Required work:
Write the data out again exactly, dropping any images it holds.

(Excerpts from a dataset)
►

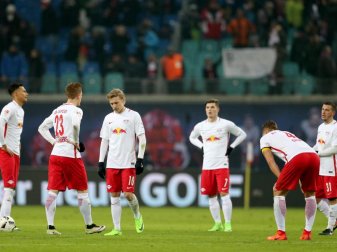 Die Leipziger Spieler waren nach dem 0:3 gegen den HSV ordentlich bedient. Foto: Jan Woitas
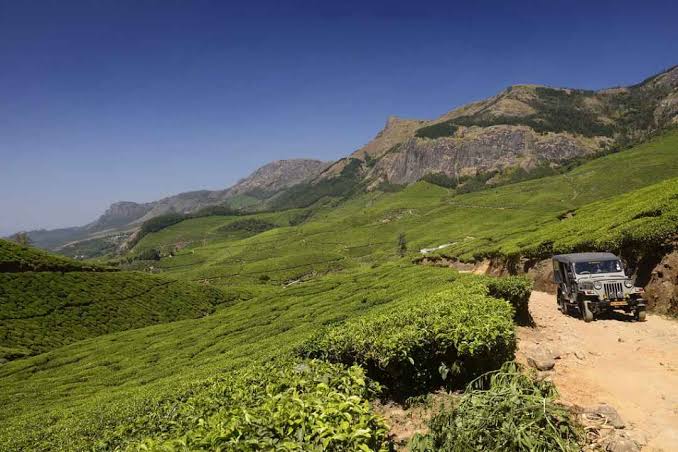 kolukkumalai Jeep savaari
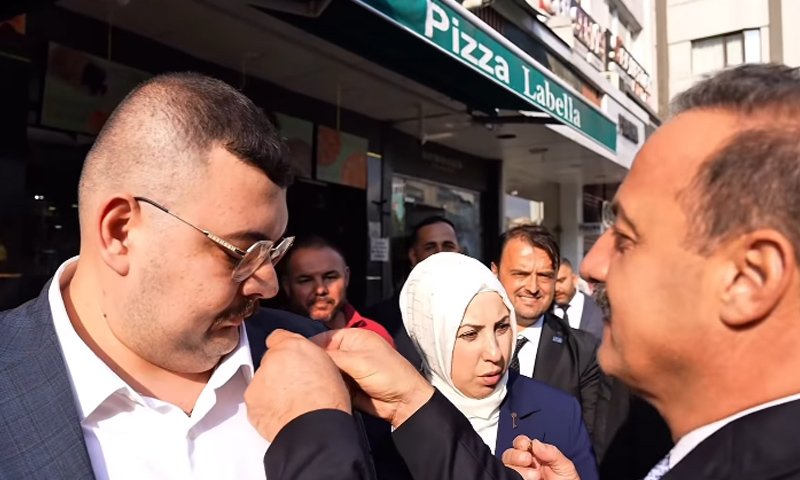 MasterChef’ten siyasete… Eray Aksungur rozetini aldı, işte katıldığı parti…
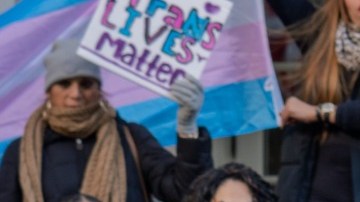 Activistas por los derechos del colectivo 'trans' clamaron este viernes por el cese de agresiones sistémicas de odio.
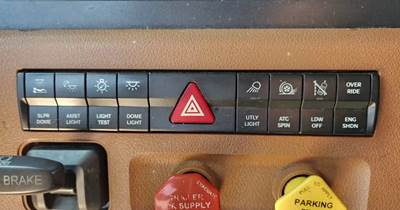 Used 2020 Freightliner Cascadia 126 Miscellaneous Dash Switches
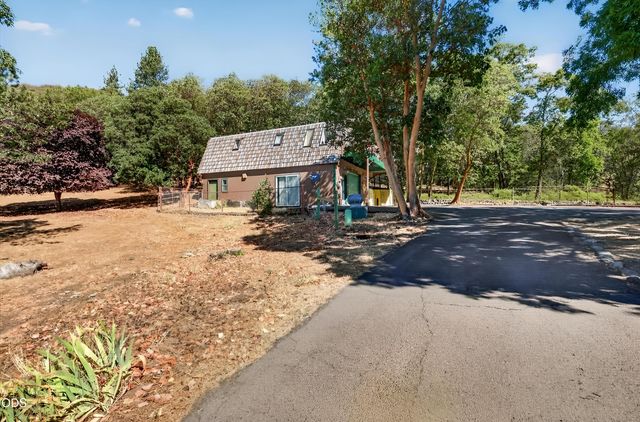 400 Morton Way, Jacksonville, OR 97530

◄

Written response:
 Die Leipziger Spieler waren nach dem 0:3 gegen den HSV ordentlich bedient. Foto: Jan Woitas
 kolukkumalai Jeep savaari
 MasterChef’ten siyasete… Eray Aksungur rozetini aldı, işte katıldığı parti…
 Activistas por los derechos del colectivo 'trans' clamaron este viernes por el cese de agresiones sistémicas de odio.
 Used 2020 Freightliner Cascadia 126 Miscellaneous Dash Switches
 400 Morton Way, Jacksonville, OR 97530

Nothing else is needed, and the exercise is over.